Consider this as an analogy: Just as we would not say: $a = 5$, $b = 5$, so therefore $a + b$ "equals equals" $10$, but rather, we'd conclude that $a + b = 10$. In your case, we would not say $ab$ "is less than less than" $50$, but rather, $ab < 50$.
For any two real numbers, $x, y$, one and only one of the following is true:
- $x < y\quad$ OR (x less than y)
- $x = y\quad$ OR (x equals y)
- $x > y\quad$ (x is greater than y)
EDIT following question edit:
To answer the question in the comment below: There is no largest number preceding 50: For every $k < 50$, there is a $j$ such that $k < j < 50$, and there is an $m$ such that $k < j < m < 50...$ and on and on and on...for every proposed "largest number $n$ preceding 50", there is a larger number than $n$ preceding 50.
In this case, for example, take any possible choice of $ab < 50$. Then there exists $x = \large \frac {50 + ab}{2}$ $> ab$ but nonetheless, $x < 50$. If we then let $ab = x$, there exists $y = \large\frac {50 + x}{2}$ $> x,$ with $y< 50$...and so on.

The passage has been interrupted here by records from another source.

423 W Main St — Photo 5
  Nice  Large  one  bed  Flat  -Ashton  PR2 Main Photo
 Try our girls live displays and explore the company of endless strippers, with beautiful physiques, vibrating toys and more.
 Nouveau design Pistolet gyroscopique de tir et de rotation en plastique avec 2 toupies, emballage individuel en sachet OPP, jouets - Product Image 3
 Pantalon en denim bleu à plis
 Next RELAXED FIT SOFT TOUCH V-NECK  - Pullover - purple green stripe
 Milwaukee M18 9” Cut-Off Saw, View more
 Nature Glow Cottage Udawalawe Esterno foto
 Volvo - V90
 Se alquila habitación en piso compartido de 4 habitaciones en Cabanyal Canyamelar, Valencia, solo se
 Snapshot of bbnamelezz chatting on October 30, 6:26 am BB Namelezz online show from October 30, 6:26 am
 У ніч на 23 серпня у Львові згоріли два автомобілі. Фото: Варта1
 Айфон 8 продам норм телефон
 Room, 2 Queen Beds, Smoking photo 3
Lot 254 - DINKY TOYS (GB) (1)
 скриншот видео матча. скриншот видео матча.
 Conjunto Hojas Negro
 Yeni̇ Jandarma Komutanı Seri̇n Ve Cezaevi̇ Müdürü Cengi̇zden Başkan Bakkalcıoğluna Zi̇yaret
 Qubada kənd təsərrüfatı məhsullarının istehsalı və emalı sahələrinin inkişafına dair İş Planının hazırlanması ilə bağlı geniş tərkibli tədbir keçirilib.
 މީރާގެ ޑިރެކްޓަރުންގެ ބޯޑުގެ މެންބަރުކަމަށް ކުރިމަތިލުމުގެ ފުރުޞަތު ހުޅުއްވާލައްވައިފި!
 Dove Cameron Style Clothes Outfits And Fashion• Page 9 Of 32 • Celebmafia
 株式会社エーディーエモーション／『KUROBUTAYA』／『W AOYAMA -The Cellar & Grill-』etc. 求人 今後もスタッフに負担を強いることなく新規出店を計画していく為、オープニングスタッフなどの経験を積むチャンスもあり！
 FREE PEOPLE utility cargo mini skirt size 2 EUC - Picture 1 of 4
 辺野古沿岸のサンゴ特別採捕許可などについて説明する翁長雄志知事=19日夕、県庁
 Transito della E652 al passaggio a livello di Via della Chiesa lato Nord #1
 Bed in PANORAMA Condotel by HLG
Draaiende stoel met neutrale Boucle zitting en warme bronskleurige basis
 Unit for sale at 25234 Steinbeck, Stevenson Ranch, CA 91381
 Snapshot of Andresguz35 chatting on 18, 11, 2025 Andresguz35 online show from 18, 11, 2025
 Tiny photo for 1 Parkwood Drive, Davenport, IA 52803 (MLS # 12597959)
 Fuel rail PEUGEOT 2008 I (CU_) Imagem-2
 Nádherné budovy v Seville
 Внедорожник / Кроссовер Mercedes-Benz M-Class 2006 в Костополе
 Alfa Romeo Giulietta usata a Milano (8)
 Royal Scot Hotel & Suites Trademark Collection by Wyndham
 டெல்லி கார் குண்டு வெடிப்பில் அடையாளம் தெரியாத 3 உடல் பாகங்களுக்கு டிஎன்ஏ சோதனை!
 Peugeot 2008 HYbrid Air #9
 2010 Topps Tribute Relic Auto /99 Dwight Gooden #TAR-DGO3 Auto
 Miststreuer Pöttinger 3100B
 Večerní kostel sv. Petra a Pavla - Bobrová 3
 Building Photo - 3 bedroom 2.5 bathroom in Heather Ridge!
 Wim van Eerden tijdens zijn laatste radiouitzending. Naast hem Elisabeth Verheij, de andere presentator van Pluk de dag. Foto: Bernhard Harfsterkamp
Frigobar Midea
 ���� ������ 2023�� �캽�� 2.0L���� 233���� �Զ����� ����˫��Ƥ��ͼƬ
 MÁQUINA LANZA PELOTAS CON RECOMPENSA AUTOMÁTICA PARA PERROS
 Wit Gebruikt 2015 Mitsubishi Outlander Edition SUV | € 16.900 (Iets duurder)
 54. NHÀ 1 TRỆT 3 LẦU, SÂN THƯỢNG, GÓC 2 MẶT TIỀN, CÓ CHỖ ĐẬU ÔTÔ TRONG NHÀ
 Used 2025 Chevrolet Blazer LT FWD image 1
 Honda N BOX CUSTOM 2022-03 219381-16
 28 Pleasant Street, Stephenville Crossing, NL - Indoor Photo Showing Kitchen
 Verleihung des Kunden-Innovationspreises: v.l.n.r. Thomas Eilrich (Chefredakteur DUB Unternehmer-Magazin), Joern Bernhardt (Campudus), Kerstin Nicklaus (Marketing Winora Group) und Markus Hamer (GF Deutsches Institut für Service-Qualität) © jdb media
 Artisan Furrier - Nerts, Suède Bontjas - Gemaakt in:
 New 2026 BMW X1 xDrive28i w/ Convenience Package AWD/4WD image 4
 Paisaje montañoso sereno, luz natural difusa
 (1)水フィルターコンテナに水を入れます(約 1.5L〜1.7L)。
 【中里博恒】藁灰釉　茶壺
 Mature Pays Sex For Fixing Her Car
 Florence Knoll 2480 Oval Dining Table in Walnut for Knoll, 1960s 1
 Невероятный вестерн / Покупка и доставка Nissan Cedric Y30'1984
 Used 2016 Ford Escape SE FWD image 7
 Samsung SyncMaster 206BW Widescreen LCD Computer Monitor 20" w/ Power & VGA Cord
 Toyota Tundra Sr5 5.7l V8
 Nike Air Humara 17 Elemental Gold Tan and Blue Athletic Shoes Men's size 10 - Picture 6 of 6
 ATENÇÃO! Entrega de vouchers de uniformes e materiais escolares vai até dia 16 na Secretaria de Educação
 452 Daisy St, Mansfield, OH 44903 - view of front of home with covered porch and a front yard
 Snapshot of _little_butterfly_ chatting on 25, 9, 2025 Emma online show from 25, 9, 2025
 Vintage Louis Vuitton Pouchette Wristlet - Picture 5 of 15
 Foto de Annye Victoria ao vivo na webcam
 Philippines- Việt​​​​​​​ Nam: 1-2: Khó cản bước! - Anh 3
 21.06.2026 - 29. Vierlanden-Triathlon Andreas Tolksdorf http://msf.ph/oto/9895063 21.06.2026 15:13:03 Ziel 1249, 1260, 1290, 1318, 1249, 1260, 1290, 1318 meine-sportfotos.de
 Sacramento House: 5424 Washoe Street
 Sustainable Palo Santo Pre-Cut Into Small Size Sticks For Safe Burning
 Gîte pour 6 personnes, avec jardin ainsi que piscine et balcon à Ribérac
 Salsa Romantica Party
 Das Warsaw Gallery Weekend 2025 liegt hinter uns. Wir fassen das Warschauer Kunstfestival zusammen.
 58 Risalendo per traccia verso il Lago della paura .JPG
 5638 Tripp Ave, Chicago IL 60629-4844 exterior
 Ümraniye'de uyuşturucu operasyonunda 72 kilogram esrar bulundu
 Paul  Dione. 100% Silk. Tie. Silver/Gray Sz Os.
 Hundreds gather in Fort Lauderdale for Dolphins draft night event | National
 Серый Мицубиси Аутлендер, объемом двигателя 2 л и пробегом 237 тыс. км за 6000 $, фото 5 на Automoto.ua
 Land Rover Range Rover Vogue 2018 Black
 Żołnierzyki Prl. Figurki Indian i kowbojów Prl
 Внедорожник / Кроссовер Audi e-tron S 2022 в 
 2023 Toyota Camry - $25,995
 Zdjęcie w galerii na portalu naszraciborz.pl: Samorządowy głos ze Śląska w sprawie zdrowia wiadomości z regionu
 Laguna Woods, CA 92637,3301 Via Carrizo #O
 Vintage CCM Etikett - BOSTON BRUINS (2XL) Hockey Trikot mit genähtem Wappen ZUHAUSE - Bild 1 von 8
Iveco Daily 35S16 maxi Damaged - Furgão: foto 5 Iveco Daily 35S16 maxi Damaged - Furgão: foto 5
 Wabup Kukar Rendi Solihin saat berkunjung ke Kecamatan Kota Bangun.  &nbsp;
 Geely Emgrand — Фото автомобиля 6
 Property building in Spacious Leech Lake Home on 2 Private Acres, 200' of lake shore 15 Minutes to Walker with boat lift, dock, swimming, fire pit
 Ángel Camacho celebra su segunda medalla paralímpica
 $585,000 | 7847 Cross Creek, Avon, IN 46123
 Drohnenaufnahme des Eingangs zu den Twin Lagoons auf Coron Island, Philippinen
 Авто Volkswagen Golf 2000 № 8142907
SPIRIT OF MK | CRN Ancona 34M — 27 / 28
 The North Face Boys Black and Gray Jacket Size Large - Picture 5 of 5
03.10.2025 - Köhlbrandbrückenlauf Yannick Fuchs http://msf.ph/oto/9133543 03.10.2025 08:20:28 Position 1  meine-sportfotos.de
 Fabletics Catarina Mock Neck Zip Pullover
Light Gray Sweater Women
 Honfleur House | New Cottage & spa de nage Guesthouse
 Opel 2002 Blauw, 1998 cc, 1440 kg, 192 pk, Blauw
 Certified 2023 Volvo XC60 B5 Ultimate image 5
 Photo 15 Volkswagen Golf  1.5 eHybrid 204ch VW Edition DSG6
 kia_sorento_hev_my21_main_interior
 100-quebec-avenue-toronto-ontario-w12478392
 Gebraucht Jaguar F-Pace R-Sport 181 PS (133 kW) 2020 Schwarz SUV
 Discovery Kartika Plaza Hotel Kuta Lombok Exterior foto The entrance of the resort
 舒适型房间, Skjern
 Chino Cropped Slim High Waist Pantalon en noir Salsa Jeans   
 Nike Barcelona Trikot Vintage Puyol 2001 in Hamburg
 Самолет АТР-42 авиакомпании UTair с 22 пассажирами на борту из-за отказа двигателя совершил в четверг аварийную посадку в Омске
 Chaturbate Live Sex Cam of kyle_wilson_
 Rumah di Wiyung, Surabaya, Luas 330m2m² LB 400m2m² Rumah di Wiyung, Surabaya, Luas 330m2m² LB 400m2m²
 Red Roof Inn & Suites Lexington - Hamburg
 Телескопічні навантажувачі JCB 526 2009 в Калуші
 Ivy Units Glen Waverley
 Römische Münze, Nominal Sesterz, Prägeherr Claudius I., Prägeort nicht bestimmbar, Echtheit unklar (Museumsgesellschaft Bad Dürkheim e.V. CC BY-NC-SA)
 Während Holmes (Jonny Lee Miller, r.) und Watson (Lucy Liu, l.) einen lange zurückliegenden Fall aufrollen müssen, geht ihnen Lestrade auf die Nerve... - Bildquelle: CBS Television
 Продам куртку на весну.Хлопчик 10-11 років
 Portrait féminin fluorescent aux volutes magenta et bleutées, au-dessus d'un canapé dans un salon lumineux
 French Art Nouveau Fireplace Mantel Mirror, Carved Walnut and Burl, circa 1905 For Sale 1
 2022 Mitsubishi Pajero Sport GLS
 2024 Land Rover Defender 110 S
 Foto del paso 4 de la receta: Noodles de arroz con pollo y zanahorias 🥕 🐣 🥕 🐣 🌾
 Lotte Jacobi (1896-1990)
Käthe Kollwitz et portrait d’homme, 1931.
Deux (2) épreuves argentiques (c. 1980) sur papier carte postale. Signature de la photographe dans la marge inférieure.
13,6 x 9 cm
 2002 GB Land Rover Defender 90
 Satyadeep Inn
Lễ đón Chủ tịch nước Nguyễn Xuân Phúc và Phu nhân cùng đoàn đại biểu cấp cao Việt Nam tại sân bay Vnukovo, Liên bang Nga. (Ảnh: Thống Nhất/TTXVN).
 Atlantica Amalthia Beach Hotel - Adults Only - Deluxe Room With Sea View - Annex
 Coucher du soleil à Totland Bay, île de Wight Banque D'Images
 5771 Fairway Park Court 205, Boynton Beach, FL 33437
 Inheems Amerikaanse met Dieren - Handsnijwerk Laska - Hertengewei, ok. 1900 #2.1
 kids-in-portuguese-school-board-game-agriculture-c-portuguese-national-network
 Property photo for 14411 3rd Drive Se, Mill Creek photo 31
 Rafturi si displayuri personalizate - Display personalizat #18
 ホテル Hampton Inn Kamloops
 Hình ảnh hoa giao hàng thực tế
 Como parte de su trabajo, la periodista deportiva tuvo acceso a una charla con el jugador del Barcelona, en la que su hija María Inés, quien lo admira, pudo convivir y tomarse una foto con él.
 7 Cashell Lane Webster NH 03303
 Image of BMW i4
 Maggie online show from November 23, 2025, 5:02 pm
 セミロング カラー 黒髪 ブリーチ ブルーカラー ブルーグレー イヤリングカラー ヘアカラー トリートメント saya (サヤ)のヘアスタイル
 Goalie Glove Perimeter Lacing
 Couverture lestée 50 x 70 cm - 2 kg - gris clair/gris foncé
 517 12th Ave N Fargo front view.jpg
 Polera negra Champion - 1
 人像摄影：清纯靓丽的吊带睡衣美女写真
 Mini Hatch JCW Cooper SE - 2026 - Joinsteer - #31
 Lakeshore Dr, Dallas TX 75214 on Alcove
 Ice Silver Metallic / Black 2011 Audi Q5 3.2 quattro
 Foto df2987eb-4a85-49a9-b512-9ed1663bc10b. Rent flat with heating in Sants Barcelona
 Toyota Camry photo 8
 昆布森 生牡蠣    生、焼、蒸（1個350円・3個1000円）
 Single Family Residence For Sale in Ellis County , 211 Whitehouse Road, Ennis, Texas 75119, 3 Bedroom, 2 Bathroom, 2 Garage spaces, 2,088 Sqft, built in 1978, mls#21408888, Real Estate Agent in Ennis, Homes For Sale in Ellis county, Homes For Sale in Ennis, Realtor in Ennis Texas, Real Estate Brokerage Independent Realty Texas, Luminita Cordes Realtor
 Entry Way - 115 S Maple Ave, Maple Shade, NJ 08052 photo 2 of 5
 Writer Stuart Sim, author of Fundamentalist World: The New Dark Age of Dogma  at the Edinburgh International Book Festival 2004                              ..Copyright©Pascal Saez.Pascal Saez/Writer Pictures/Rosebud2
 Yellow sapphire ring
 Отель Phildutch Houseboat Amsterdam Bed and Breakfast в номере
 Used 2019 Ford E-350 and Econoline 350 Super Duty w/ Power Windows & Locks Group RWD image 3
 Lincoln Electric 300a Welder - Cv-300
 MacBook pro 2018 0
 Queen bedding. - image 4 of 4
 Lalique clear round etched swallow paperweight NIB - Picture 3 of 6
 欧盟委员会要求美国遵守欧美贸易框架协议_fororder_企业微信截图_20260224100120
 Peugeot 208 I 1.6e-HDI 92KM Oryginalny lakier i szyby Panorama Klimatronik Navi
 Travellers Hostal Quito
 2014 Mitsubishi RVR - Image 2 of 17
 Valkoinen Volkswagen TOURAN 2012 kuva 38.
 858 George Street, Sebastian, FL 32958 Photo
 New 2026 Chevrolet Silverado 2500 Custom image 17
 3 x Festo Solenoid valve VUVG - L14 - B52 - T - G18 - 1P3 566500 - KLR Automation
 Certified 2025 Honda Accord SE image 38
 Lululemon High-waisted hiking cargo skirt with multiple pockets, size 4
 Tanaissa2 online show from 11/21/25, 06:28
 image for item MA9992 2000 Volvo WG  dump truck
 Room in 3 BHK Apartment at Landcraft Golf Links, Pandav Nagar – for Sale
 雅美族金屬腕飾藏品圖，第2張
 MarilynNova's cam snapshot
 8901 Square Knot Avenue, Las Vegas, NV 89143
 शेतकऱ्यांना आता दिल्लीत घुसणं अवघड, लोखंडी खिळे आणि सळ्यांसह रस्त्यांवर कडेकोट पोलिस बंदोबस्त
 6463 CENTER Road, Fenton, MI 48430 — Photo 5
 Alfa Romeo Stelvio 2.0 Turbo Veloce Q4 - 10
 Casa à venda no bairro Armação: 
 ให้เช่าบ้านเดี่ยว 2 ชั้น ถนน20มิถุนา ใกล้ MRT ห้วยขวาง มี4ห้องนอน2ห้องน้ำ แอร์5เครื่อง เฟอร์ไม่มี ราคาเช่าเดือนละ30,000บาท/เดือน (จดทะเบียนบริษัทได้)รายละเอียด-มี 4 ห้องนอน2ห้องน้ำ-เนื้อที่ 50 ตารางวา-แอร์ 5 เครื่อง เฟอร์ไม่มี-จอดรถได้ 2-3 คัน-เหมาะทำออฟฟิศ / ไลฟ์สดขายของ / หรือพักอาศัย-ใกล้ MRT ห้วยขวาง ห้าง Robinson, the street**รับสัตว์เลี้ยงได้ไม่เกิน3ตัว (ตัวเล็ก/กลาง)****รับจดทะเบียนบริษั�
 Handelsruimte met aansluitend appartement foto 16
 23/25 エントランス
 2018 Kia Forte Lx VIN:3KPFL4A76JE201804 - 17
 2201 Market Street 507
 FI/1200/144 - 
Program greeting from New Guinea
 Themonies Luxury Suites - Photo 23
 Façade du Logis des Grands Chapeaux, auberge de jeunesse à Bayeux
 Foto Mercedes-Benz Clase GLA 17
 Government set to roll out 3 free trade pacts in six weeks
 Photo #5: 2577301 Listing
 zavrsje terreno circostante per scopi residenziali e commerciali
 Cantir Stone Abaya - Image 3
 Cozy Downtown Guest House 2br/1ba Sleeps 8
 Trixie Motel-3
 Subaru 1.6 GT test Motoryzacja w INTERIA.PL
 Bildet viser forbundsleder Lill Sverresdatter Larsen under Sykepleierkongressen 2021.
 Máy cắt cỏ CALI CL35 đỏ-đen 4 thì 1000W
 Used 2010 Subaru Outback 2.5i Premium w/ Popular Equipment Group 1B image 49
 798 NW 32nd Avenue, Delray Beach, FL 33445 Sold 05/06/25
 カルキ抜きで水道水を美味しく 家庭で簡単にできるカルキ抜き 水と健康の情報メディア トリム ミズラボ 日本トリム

The least upper bound for $ab$, in this case, is not in the set of possible values for $ab$. Think of it like this: $ 0 < a < 5,\;\;0 < b < 10, \;\; \implies \;\; ab \in (0, 50),$ where $(0, 50)$ is the open interval of reals greater than $0$ but less than $50$ (the interval of all real numbers from $0$ to $50$, excluding $0$ and $50$:
$ab \in \{x \in \mathbb{R}: 0 < x < 50\}$